**What to do**
Reproduce the lines below exactly, starting at the one containing "Jonage Apartment |" and stopping at the final line.
[Data shown Boundary: Start]
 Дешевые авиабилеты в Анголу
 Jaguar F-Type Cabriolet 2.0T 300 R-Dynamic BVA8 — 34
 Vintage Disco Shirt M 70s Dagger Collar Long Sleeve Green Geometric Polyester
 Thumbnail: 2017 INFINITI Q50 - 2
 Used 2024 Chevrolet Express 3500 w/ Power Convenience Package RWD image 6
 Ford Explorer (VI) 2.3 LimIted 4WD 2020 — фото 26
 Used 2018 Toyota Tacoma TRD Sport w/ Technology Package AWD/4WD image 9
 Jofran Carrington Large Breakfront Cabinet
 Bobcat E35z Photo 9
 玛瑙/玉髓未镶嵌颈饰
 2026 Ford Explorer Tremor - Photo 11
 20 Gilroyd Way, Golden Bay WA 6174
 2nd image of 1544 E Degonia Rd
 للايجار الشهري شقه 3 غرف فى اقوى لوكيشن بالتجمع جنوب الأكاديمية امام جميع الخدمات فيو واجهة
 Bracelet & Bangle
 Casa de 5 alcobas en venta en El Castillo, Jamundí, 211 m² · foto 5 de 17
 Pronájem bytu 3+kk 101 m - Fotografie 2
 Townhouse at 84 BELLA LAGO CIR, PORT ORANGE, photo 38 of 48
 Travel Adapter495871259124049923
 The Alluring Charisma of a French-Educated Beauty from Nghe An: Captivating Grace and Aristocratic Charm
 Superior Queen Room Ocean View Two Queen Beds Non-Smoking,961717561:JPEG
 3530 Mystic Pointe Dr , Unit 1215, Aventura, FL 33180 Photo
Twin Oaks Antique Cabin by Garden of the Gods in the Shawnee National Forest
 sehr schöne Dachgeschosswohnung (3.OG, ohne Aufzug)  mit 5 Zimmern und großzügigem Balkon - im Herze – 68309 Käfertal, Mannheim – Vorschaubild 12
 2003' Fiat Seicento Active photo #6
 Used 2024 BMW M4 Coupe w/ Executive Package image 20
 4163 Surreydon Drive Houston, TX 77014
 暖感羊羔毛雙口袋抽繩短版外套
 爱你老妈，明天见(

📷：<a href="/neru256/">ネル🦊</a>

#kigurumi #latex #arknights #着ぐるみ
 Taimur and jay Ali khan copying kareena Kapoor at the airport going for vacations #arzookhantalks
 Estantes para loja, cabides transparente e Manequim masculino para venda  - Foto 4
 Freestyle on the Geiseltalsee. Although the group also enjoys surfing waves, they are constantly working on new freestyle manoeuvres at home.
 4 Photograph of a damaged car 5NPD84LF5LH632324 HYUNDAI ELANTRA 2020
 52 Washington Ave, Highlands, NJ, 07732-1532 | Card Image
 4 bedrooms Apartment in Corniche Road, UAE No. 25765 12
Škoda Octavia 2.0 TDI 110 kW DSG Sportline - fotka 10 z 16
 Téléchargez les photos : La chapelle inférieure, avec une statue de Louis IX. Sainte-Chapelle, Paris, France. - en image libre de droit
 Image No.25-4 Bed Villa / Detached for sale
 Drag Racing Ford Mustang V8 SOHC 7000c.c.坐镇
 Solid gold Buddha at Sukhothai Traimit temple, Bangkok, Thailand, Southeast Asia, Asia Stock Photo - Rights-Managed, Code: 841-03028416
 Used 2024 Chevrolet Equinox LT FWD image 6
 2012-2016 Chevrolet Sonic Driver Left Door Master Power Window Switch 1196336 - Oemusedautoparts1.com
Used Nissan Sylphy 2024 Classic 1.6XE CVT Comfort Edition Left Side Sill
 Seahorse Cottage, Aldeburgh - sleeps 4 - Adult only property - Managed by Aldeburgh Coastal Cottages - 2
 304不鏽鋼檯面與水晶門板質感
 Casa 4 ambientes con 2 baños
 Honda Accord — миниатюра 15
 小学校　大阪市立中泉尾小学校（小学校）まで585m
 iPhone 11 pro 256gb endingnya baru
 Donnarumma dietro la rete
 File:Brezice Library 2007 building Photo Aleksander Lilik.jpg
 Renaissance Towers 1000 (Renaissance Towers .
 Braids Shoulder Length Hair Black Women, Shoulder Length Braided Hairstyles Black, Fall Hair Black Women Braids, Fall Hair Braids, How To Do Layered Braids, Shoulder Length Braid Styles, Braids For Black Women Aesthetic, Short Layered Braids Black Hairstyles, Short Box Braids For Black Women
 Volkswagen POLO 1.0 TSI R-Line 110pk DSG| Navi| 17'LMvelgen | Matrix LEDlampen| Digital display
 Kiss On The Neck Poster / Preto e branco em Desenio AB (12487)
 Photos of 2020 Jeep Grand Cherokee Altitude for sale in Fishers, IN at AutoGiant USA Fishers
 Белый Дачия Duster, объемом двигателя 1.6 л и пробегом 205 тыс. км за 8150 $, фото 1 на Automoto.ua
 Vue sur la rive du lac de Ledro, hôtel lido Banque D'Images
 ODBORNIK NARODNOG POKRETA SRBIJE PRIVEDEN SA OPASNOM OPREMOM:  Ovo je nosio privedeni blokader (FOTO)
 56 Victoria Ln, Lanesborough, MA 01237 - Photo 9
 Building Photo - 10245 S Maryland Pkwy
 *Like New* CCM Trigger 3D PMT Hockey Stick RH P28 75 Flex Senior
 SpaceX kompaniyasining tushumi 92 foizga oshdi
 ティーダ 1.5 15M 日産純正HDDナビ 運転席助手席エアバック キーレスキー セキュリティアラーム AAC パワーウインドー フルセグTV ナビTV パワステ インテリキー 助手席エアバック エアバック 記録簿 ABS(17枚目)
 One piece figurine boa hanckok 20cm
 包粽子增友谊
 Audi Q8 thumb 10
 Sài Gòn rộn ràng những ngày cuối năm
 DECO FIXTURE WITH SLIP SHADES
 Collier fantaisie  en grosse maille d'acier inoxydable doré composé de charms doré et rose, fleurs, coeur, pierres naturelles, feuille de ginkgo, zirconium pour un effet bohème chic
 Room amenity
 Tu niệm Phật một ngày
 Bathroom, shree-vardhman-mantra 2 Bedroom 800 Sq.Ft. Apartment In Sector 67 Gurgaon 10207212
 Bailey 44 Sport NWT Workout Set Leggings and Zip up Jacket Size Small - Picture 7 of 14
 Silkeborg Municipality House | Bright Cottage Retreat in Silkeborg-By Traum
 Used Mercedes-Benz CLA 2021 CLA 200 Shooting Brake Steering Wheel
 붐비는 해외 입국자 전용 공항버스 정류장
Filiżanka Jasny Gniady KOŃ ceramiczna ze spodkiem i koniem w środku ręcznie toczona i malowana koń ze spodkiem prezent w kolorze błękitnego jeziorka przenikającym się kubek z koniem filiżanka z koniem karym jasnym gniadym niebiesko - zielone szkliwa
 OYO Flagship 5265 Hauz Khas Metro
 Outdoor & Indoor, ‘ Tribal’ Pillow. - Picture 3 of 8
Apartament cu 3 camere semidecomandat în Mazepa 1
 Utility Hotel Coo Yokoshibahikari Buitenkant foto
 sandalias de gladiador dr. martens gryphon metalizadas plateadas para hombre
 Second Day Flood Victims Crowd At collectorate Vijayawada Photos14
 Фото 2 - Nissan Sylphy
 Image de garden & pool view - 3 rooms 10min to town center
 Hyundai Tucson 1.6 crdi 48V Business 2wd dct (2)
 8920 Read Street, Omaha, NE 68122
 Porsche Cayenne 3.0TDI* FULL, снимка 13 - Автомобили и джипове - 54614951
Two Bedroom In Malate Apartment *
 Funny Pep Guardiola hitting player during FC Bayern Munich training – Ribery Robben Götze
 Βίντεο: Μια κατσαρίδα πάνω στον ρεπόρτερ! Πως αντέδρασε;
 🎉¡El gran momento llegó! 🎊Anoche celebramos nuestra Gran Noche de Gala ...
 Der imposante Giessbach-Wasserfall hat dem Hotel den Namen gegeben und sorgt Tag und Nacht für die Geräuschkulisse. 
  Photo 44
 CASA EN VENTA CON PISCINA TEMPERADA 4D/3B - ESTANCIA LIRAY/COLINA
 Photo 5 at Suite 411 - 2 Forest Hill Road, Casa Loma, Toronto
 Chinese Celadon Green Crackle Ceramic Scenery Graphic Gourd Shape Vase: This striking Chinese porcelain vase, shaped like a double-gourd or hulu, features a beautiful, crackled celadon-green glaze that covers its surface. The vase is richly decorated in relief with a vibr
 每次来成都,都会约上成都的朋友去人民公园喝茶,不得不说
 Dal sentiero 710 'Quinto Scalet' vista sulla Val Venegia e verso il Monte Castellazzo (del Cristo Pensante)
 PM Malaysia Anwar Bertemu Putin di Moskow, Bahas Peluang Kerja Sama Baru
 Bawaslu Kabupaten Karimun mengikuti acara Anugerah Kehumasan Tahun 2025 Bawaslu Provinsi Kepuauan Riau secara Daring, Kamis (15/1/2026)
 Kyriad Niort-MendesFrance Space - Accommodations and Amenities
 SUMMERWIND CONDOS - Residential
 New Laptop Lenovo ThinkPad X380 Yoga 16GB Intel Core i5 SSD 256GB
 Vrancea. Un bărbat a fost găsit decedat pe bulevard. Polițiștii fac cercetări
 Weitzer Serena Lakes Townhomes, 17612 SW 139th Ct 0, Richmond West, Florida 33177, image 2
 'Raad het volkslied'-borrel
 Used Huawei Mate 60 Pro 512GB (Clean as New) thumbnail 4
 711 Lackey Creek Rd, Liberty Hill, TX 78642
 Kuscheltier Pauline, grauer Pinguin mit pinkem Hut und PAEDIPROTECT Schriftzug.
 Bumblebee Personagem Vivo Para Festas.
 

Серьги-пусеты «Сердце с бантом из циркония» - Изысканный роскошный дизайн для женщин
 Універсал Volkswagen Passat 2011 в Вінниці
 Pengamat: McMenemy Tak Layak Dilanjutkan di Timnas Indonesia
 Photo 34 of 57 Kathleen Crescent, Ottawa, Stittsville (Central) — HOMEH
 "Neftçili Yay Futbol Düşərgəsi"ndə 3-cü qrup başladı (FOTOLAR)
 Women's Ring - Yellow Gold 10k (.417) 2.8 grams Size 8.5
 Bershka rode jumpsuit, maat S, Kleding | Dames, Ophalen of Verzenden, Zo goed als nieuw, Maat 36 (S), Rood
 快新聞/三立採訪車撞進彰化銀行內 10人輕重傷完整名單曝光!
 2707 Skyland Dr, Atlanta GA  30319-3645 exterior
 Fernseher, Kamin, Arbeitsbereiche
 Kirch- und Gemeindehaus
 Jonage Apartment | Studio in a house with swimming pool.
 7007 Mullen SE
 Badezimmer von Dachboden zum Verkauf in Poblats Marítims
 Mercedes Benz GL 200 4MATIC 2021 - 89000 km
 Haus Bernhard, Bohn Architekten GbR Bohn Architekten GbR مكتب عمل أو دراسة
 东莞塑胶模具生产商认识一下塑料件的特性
[Data shown Boundary: End]
**Solution to this task**
 Jonage Apartment | Studio in a house with swimming pool.
 7007 Mullen SE
 Badezimmer von Dachboden zum Verkauf in Poblats Marítims
 Mercedes Benz GL 200 4MATIC 2021 - 89000 km
 Haus Bernhard, Bohn Architekten GbR Bohn Architekten GbR مكتب عمل أو دراسة
 东莞塑胶模具生产商认识一下塑料件的特性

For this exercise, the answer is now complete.